New research with fund managers in North America who collectively manage around $600 billion, reveals they are placing a growing emphasis on both the quality of the data used in their investment processes and on having access to the technological capabilities to efficiently process data (please see the attached press release). Six out of ten (60%) believe this is crucial to achieving above-average returns in the future.

The study, which was commissioned by quant technologies provider SigTech, found that 94% of fund managers find the process of evaluating data, ensuring it meets quality standards and negotiating with data vendors challenging. 72% say it is difficult to source data that is cleaned, validated and ready to use from vendors.
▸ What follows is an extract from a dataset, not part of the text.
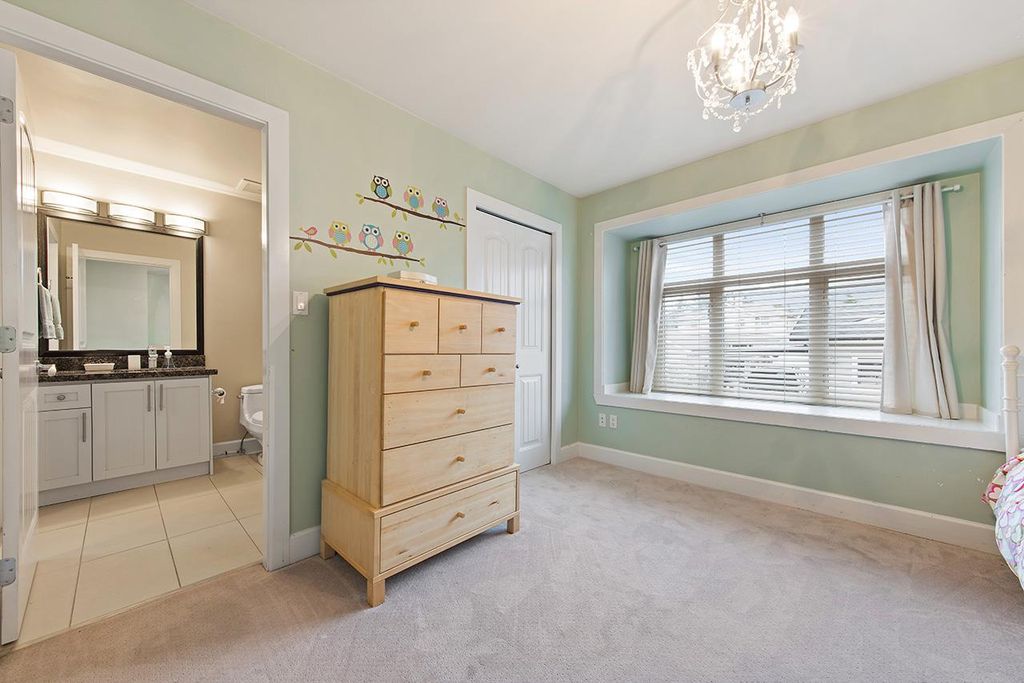 listing image 1101847373338401636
When it comes to onboarding new data sets, nearly six out of ten North American fund managers say they encounter problems, with 56% saying it takes between 1 and 6 months to have new data fully operational internally.

As a result of the many challenges North American fund managers encounter when sourcing and managing data, 64% expect to increase their budget in this area over the next few years.

When asked to pick the two asset classes where they encounter the greatest difficulty in accessing high quality data, 62% of North American fund managers cited fixed income, followed by 54% who selected commodities. In terms of the two financial instruments where they have the greatest difficulty in securing high quality data, 66% cited forwards, followed by cash/spot (58%) and then futures (40%)

In terms of outsourcing of data services, the study found that 64% of fund managers have increased their level of outsourcing over the last two years. Going forward, 77% plan to outsource more between now and 2024, with none seeing a decrease. When asked which factors are fuelling the growing trend towards data services outsourcing, a shortage of qualified in-house subject matter experts and resources was cited as the biggest driver.

Half of those surveyed (50%) found negotiating with data vendors the most frustrating part of the data onboarding process, and 60% say that evaluating the different vendors is challenging.